NLEX Corporation reported a strong financial performance in the first half of 2024, with net income surging by 24% to ₱5.6 billion, up from ₱4.51 billion during the same period last year. Increased toll revenues, higher traffic volumes, and effective cost-management strategies drove this significant growth.
NLEX Corp.’s Performance Overview
The company’s total revenues grew by 20% to ₱12.4 billion, compared to ₱10.33 billion in the same period in 2023. Higher traffic on its expressways, toll rate adjustments, and contributions from the newly opened NLEX-SLEX Connector Road contributed to this revenue increase. The rise in vehicle numbers on its toll roads played a crucial role in pushing revenue higher, complemented by the company’s infrastructure expansions and rate increases.

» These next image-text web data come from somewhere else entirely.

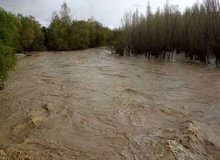 خسارت ناشی از سیل و تگرگ به بیمه‌گذاران کشاورزی پرداخت می‌شود
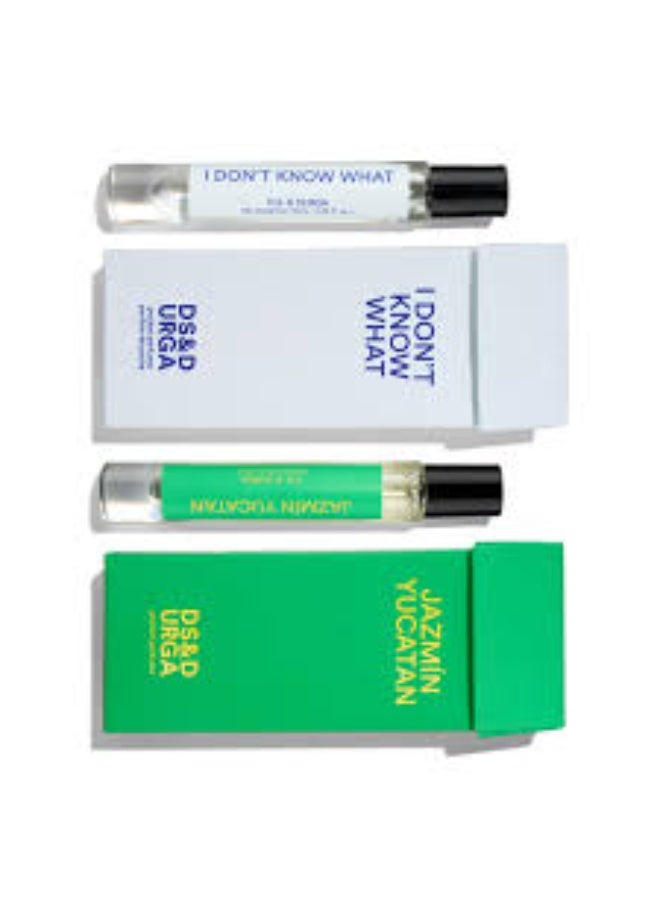 دي إس & دورجا D.S. & DURGA Pocket Perfume Duo - Image 3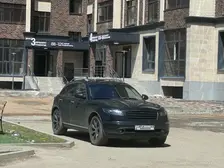 Infiniti FX35, 2006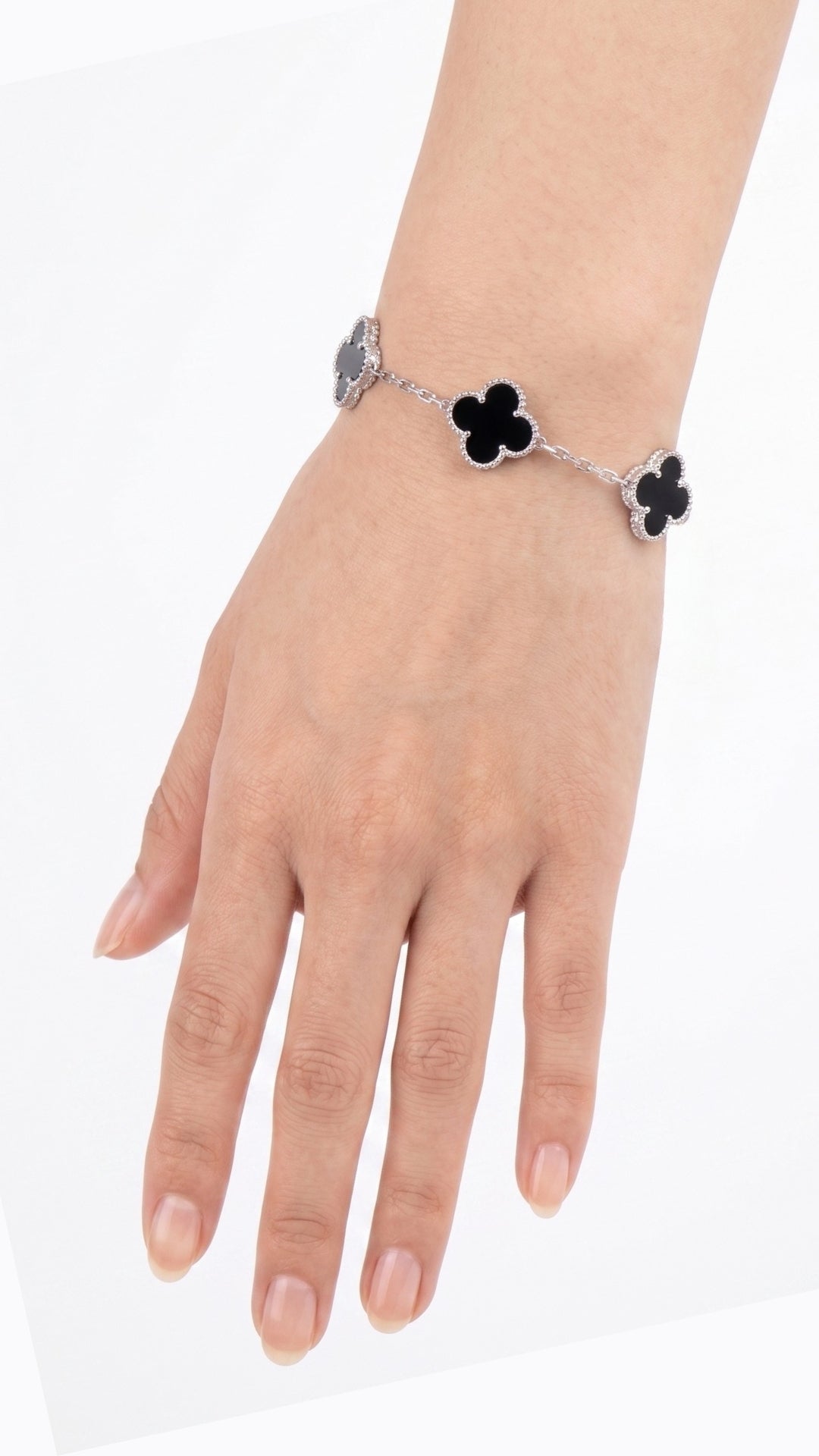 Black Clover Bracelet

Toll Roads as Key Revenue Drivers
NLEX and SCTEX accounted for 99% of the company’s total revenues.
- Class 1 vehicles saw an 18% revenue growth.
- Class 2 vehicles grew by 23%.
- Class 3 vehicles rose by 21%.
These increases highlight the impact of toll adjustments and growing vehicle use on both expressways.

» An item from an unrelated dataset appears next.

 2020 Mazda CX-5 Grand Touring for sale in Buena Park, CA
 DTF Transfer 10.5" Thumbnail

Average daily traffic on NLEX reached 336,993 vehicles, marking a 4% increase year-on-year, while SCTEX reported an average of 81,618 vehicles daily, up 1% from the previous year. The introduction of the NLEX-SLEX Connector Road significantly contributed to the rise in traffic volume and provided an additional revenue stream.
Cost Management and Non-Toll Revenues
Non-toll revenues, which include fees from service facilities and utility companies utilizing NLEX rights of way, account for 1% of total revenues. The company’s total cost of services grew by 19%, amounting to ₱4.5 billion, up from ₱3.8 billion a year earlier. Despite rising costs, NLEX Corp.’s effective cost management has supported its strong financial results.
Overall, NLEX Corp.’s performance highlights the crucial role of toll rate adjustments, traffic growth, and infrastructure expansion in driving profitability.